Japanese Fairy Tales
Region: East Asia, Japan
Author: Folktales in English rendition and retelling by Yei Theodora Ozaki
Original Language: Japanese
Translator: Yei Theodora Ozaki
Character: Princess Moonlight
Descriptors: animals; emperors; goblins; knights; ogres; princes; princesses; sea monsters
Age: 12 + years old
Japanese Fairy Tales is a collection of 22 Japanese fairy tales translated and compiled by Yei Theodora Ozaki in 1908. Found in this collection are traditional Japanese fairy tales and some classic stories, such as “The Bamboo-cutter and the Moon-child.” This charming story is about an elderly bamboo-cutter who finds a tiny, glowing girl sleeping inside of bamboo. The man brings her home and raises her as his own daughter and names her Princess Moonlight. She grows up to be a beautiful and kind young woman who is loved by everyone. Five knights try to win her hand in marriage, but not wanting to get married, she tricks them by sending them on impossible missions to gather five legendary items: a stone bowl that once belonged to Buddha, a branch from the tree on top of the Mountain of Horai, skin from the fire-rat, a stone front the head of a dragon, and a shell from the stomach of the swallow.

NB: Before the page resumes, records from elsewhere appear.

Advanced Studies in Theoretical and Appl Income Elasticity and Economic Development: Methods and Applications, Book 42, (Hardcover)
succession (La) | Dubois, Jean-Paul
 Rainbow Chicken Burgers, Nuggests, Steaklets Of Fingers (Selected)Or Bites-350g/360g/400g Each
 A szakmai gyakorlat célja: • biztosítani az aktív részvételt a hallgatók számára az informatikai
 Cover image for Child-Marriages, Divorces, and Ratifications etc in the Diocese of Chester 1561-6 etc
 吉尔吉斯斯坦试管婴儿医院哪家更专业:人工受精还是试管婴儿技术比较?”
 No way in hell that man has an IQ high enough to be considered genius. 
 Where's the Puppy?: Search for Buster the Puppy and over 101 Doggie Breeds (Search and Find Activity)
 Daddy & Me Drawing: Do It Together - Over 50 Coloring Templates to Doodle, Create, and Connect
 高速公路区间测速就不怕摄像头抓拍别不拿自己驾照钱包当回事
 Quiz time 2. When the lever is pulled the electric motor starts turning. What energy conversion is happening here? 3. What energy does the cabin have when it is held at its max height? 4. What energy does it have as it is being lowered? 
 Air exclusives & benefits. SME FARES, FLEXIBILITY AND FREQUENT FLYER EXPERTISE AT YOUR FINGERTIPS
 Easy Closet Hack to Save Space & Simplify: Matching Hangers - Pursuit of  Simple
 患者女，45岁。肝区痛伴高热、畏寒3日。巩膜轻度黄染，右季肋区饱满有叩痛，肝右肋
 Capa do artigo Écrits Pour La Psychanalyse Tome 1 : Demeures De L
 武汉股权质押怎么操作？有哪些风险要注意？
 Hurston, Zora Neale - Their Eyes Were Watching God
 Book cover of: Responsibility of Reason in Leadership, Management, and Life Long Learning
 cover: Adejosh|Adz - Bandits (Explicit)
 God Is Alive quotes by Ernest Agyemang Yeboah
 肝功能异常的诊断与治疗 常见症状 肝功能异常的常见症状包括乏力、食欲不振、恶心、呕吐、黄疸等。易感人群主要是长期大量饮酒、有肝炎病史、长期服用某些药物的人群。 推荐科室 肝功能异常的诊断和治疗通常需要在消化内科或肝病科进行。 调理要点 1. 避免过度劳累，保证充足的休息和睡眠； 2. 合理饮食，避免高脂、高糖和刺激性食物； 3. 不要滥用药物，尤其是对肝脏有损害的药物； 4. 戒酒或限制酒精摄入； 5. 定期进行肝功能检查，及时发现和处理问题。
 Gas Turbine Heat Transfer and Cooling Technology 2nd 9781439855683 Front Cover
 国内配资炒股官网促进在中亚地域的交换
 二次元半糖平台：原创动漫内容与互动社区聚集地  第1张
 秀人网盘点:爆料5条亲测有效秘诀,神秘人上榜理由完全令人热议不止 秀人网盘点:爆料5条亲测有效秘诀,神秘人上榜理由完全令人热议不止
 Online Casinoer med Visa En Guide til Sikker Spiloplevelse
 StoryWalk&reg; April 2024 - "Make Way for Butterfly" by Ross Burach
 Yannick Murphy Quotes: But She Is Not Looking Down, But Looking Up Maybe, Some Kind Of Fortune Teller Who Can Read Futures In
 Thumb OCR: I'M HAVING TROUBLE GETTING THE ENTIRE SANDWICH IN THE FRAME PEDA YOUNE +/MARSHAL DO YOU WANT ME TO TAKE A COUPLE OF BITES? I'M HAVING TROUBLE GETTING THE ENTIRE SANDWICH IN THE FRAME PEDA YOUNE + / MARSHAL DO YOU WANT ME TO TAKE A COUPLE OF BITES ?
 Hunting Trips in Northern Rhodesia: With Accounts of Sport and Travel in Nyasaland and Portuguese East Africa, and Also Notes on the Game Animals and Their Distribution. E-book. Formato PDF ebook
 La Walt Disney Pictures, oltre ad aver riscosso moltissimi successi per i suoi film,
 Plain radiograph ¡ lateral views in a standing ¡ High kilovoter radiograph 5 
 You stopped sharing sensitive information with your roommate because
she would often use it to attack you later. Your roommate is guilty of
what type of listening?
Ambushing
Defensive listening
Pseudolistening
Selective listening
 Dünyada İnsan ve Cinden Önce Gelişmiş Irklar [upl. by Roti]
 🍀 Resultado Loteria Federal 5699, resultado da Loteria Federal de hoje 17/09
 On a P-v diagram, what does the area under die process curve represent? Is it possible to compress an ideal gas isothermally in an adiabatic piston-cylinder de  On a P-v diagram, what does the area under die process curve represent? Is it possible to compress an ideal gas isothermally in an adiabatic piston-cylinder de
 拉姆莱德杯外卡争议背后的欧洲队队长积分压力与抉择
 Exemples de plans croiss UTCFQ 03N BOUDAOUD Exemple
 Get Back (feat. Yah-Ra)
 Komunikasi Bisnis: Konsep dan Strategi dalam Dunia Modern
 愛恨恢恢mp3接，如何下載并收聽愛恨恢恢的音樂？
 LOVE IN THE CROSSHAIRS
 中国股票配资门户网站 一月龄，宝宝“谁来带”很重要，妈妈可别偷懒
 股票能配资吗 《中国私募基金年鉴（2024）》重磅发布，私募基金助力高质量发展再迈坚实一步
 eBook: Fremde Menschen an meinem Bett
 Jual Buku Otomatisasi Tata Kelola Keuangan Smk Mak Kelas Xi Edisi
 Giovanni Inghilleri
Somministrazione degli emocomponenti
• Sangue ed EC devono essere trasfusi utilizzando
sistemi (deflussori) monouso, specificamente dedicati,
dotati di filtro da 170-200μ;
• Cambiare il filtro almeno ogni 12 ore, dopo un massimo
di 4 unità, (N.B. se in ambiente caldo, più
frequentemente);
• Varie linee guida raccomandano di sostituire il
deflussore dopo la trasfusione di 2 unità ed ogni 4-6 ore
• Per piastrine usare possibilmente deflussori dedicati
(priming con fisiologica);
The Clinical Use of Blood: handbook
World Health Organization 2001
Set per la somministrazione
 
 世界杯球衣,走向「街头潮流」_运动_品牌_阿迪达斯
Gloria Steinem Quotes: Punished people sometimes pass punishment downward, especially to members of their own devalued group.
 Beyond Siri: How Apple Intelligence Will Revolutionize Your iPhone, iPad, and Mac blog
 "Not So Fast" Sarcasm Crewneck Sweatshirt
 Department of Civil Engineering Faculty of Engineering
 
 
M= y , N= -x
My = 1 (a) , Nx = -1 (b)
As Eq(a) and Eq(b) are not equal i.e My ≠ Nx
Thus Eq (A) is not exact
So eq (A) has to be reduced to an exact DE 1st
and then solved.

It is then revealed that Princess Moonlight is from the moon and was sent to Earth as a temporary punishment. Despite wanting to stay with the bamboo-cutter, she is taken back to the moon upon a chariot. The stories in Japanese Fairy Tales are not literal translations of the original Japanese folktales. Ozaki mentions in the preface that she added “touches of local color or description” and details from other versions of these tales to make the stories more interesting and accessible for Western audiences. While there is a mention in the preface that her original collection had illustrations, there are not any included within this copy. The entire collection consists of text and small print, which younger audiences may have a hard time engaging with. Furthermore, these stories contain many Japanese cultural references that may need to be explained to children from Western audiences. This copy incorporates Japanese vocabulary into the text and is followed by an English translation of the word in parenthesis. Based on the fact that this collection is very text-heavy, contains complex vocabulary and sentence structures, and has some mature content, it is most suitable for children 12 years and older.
More About This Book
Reviewed: print book by Praeteritus Books (2017). ISBN: 9781975654634. 166 p.
Notes: Only some of these stories have been read for the purpose of this review.
Content warning: Some of these stories have violent descriptions of death and mentions of cannibalism. One of the stories in the collection, “Momotaro, or the Son of a Peach,” while an important story in Japanese folklore, was used as war propaganda in the Sino-Japanese War, the Russo-Japanese War, and World War II. In this tale, Momotaro goes to fight an “Island of Devils” who are disobeying the emperor. Ozaki’s translation of this tale closely follows the version by Iwaya Sazanami written in 1894, who altered details of the folktale so that the “evil” demons in the story would be recognized as Qing China.